Andrew Bird is an internationally acclaimed, Grammy-nominated multi-instrumentalist, vocalist, whistler, and songwriter who picked up his first violin at the age of four and spent his formative years soaking up classical repertoire completely by ear. Since beginning his recording career in 1997, Bird has released 17 albums and performed extensively across the globe. He has recorded with the Preservation Hall Jazz Band, appeared as “Dr. Stringz” on Jack’s Big Music Show, and headlined concerts at Carnegie Hall, Sydney Opera House, Walt Disney Concert Hall, and festivals worldwide.
Bird performed as the Whistling Caruso in Disney’s The Muppets movie, scored the FX series Baskets, and collaborated with inventor Ian Schneller on Sonic Arboretum, an installation that exhibited at New York’s Guggenheim Museum, Boston’s ICA, and the MCA Chicago.

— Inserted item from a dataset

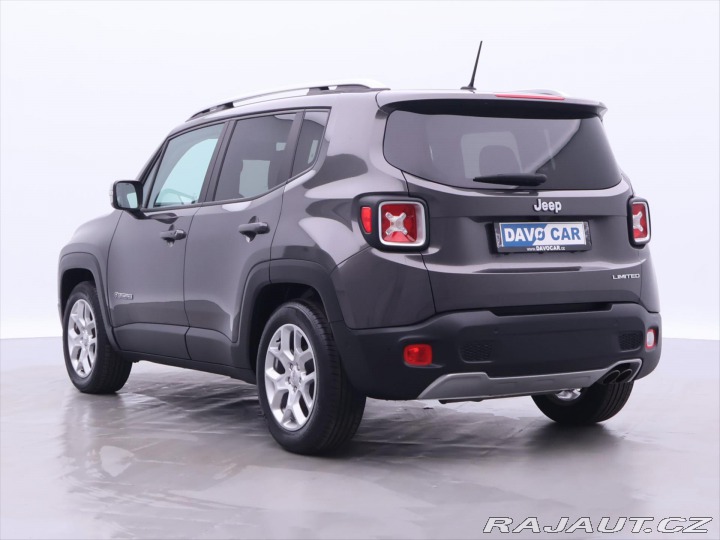 Jeep Renegade 1,4 M-Air 103kW Limited 1 2017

Bird has been a featured TED Talks presenter, a New Yorker Festival guest, and an op-ed contributor for the New York Times.

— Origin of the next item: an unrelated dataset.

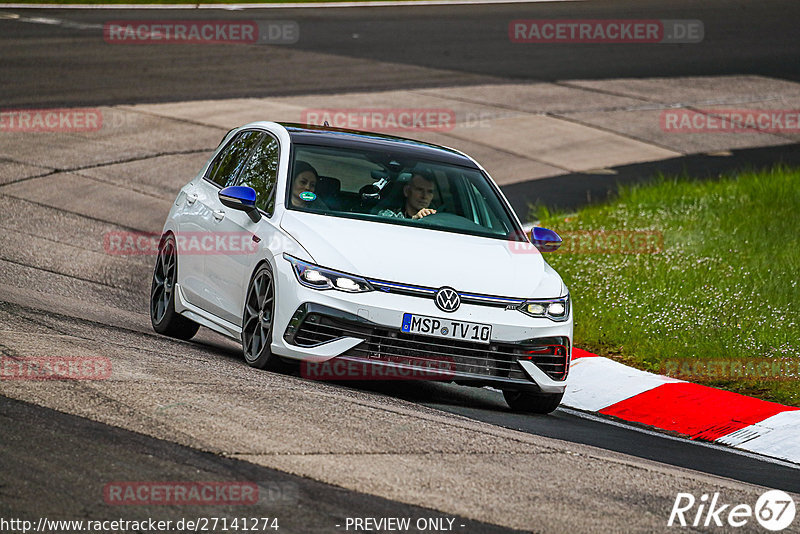 Bild #27141274 - Touristenfahrten Nürburgring Nordschleife (05.05.2024)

More recently, Bird released a series of site-specific improvisational short films and recordings called Echolocations, recorded in remote and acoustically interesting spaces: a Utah canyon, an abandoned seaside bunker, the middle of the Los Angeles River, and a reverberant stone-covered aqueduct in Lisbon. Additionally, Bird hosts an ongoing series of live-streamed performances called Live from the Great Room, putting the creative process on display for fans as he collaborates and converses with friends in a candid, intimate setting.

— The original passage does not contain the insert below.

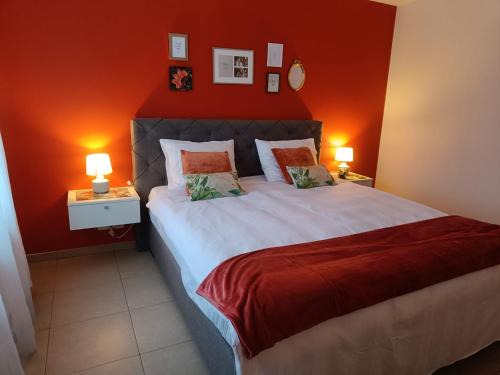 Zolder Appartement | Nimary Logies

Shortly after receiving his 2020 Grammy nomination for Best Folk Album, with My Finest Work Yet, Andrew Bird made his professional acting debut in the cast of Fargo’s fourth installment, which concluded on FX in November 2020 and is currently streaming via Hulu. In March 2021, Bird released his latest project, These 13, an album entirely co-written and recorded with his longtime friend and former Squirrel Nut Zippers collaborator, Jimbo Mathus. Captured live to tape, just the two of them playing and singing from opposite sides of a microphone, These 13 marked the first set of new music that Bird and Mathus created together in more than 20 years.